Data records -
+ + + +

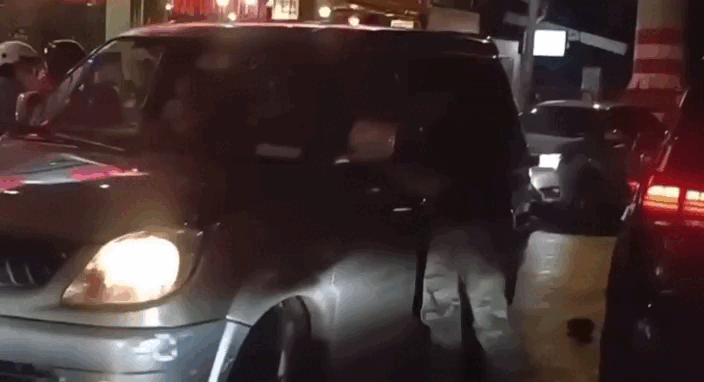 Đập vỡ kính ôtô, tấn công tài xế sau va chạm giao thông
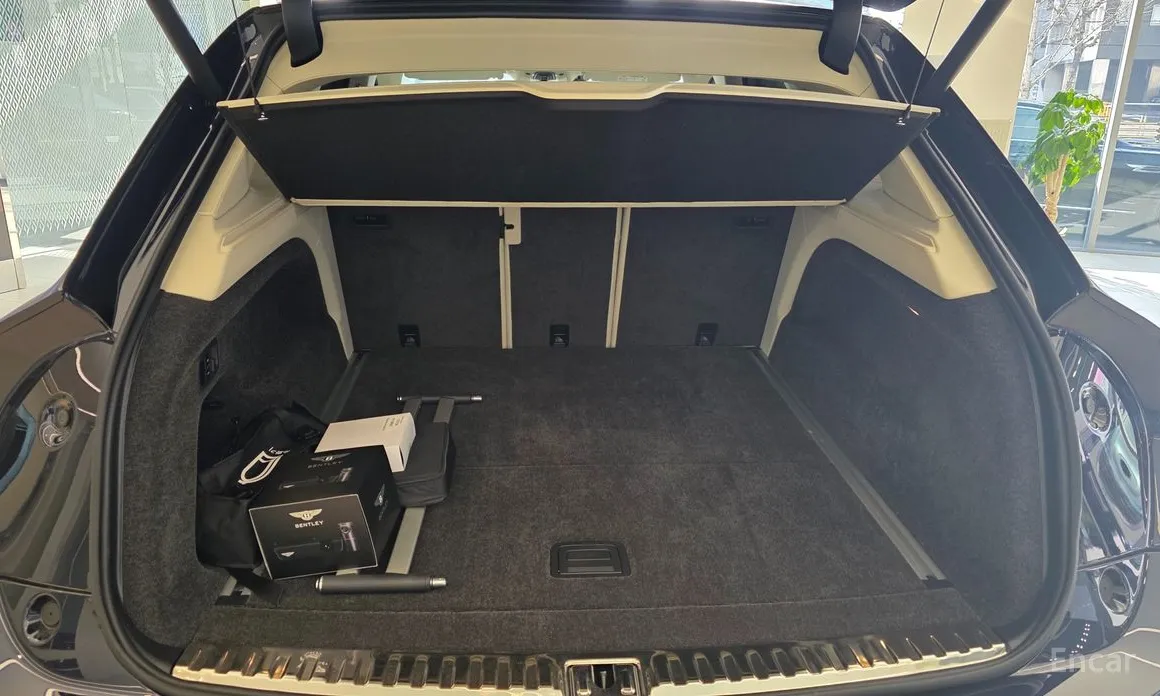 Bentley Bentayga 2016 4.0 V8 Base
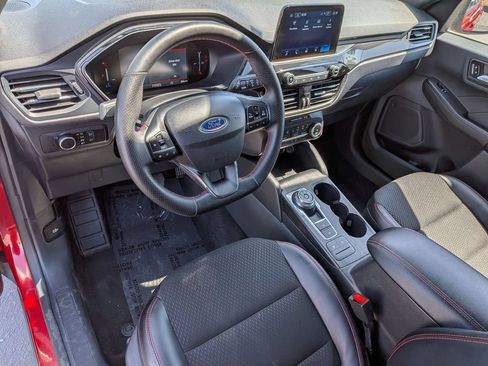 Used 2025 Ford Escape ST-Line AWD/4WD image 16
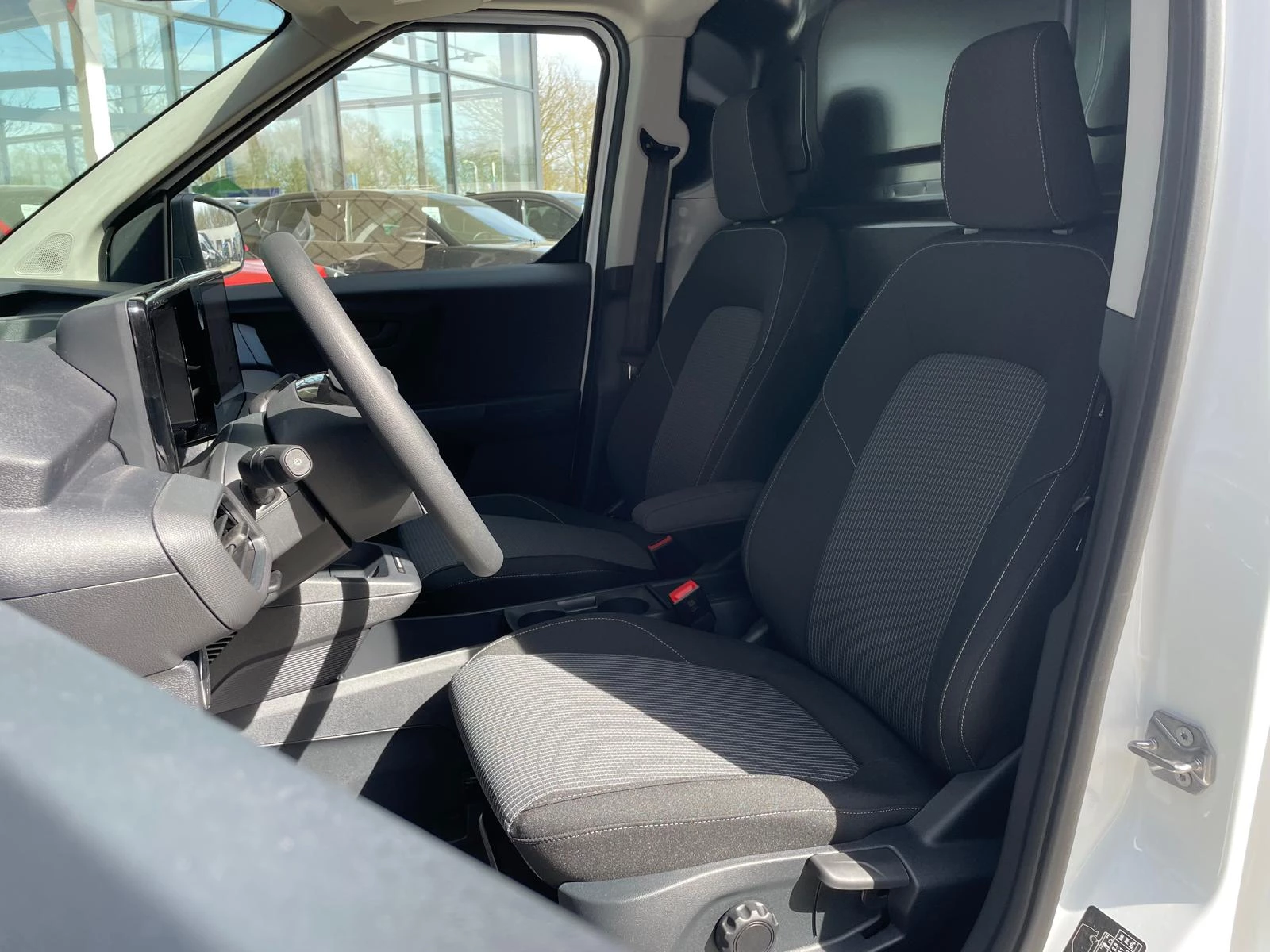 Hoofdafbeelding Ford E-Transit Courier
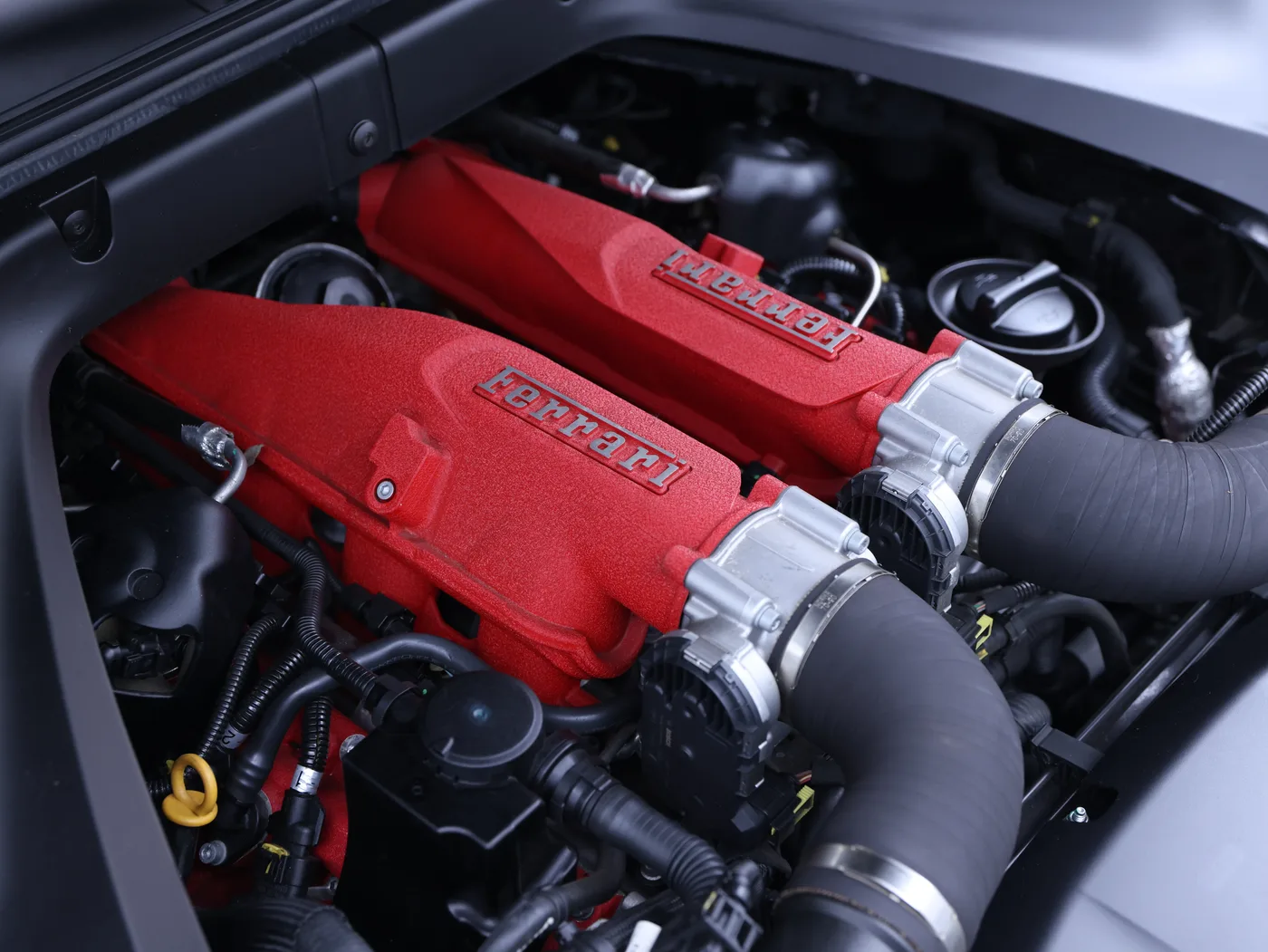 2016 Ferrari California T proposée par un concessionnaire spécialisé à Frankfurt am Main, Allemagne, photo 7 sur 15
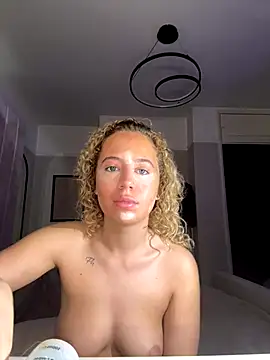 Snapshot of Aurorajadex chatting on 1, 10, 2025 Aurorajadex online show from 1, 10, 2025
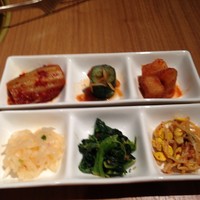 天壇 赤坂店 - キムチとナムルの盛り合わせ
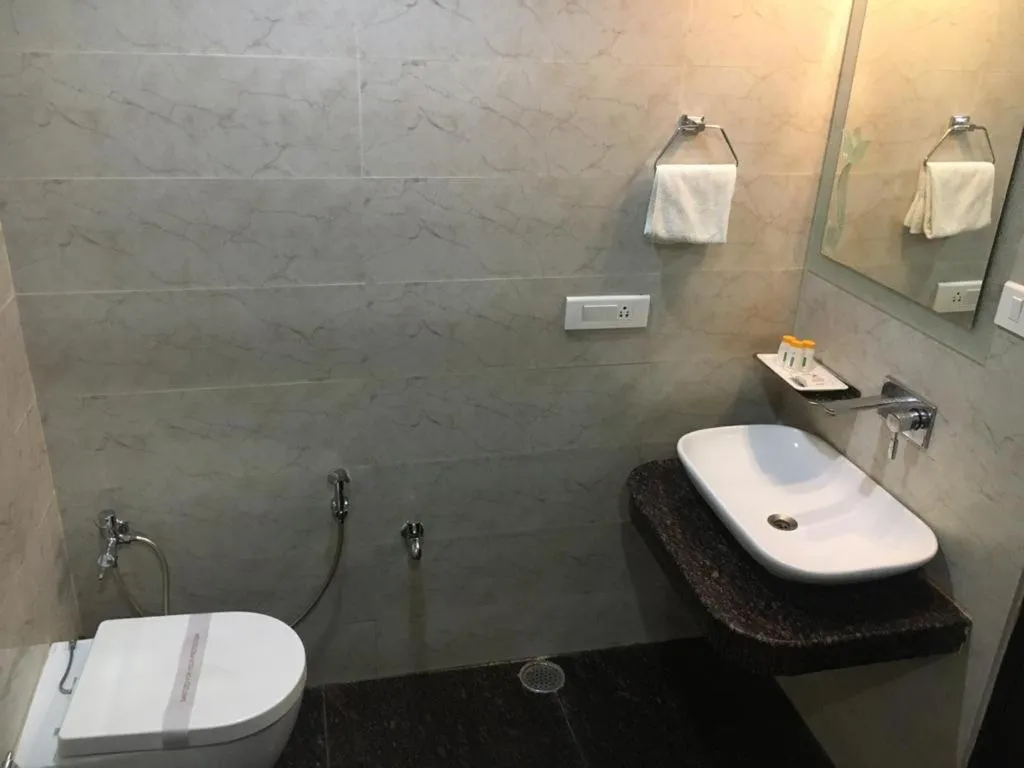 Bathroom in Hotel Ozas Grand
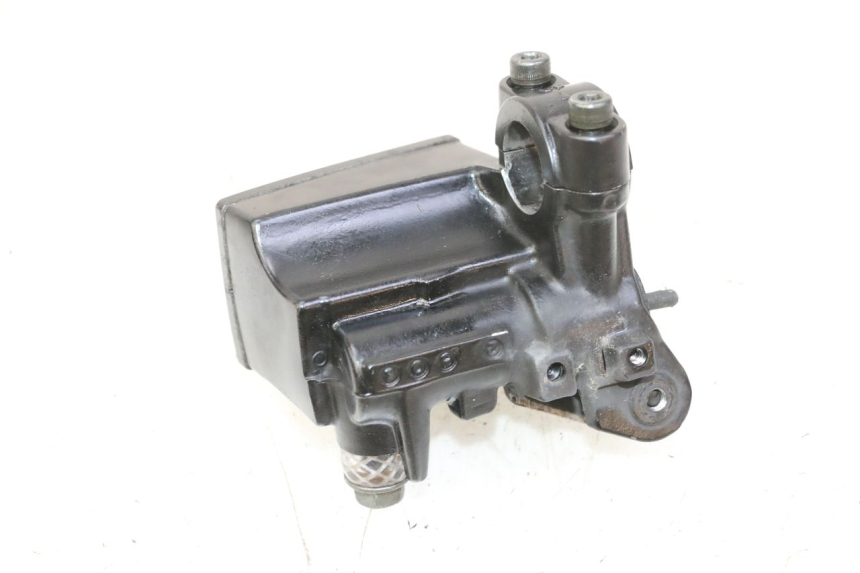 photo de CILINDRO MESTRE DIANTEIRO YAMAHA FZ6 N FAZER 600 (2004 - 2006) - Outro ângulo de visão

+ + + +

Work to be completed -
Copy out the material above in full and exactly; its pictures are not to appear.

Answer to this exercise -
 Đập vỡ kính ôtô, tấn công tài xế sau va chạm giao thông
 Bentley Bentayga 2016 4.0 V8 Base
 Used 2025 Ford Escape ST-Line AWD/4WD image 16
 Hoofdafbeelding Ford E-Transit Courier
 2016 Ferrari California T proposée par un concessionnaire spécialisé à Frankfurt am Main, Allemagne, photo 7 sur 15
 Snapshot of Aurorajadex chatting on 1, 10, 2025 Aurorajadex online show from 1, 10, 2025
 天壇 赤坂店 - キムチとナムルの盛り合わせ
 Bathroom in Hotel Ozas Grand
 photo de CILINDRO MESTRE DIANTEIRO YAMAHA FZ6 N FAZER 600 (2004 - 2006) - Outro ângulo de visão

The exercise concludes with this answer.